_Work instruction:_ Your copy of the data should match it exactly, leaving out only the pictures.
BEGIN Data below
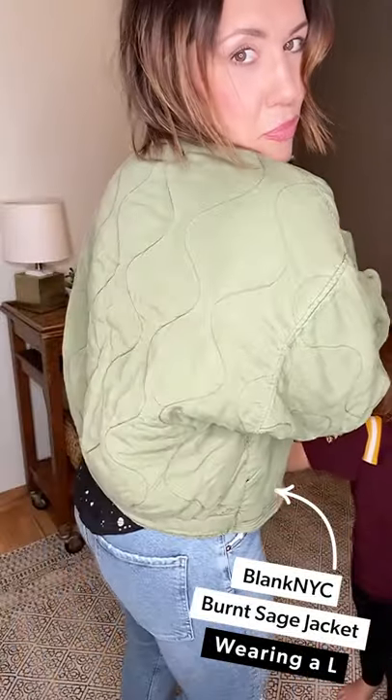I tucked in this Chaser graphic tee — so cute, paint splatters — just because I want to show you how high the rise is. But this shirt is actually super adorable even if you didn't tuck it in. Look at that paint splatter and little baseball hem. Paired it with this adorable Blank NYC quilted olive jacket.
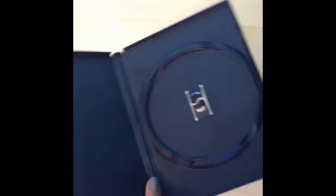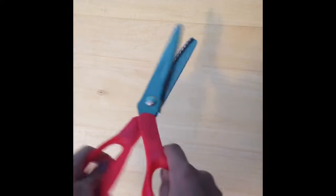For this craft, you will need a DVD case, some pinking shears, some scraps of cloth, and a hot glue gun.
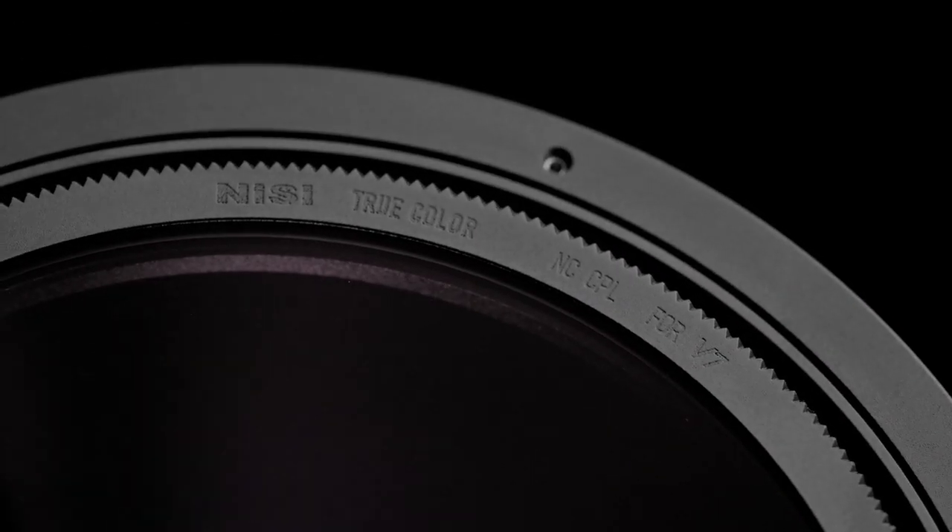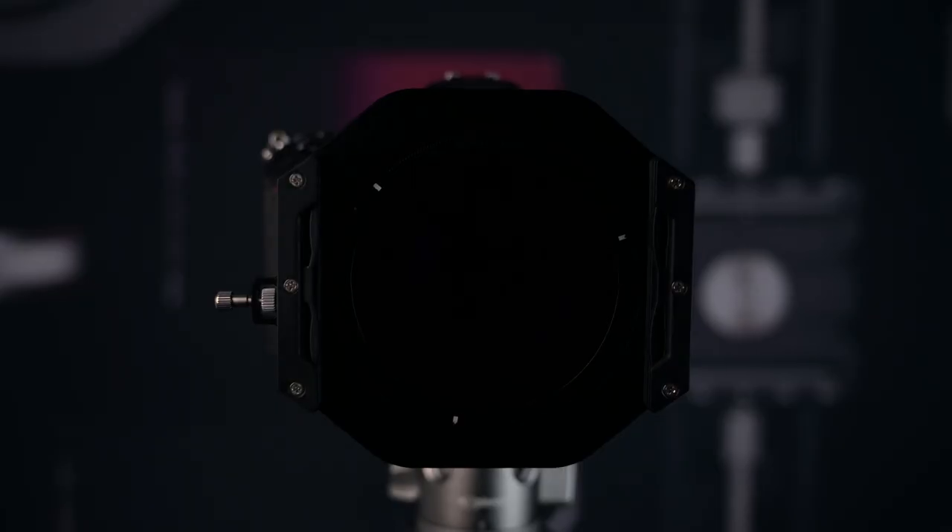Next is the new CPL — we call it True Color. This new polarizing material will give you images that are true to what your eyes see, all while reducing glare and surface reflections from non-metallic surfaces.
END Data below
_Written solution:_
I tucked in this Chaser graphic tee — so cute, paint splatters — just because I want to show you how high the rise is. But this shirt is actually super adorable even if you didn't tuck it in. Look at that paint splatter and little baseball hem. Paired it with this adorable Blank NYC quilted olive jacket.
For this craft, you will need a DVD case, some pinking shears, some scraps of cloth, and a hot glue gun.
Next is the new CPL — we call it True Color. This new polarizing material will give you images that are true to what your eyes see, all while reducing glare and surface reflections from non-metallic surfaces.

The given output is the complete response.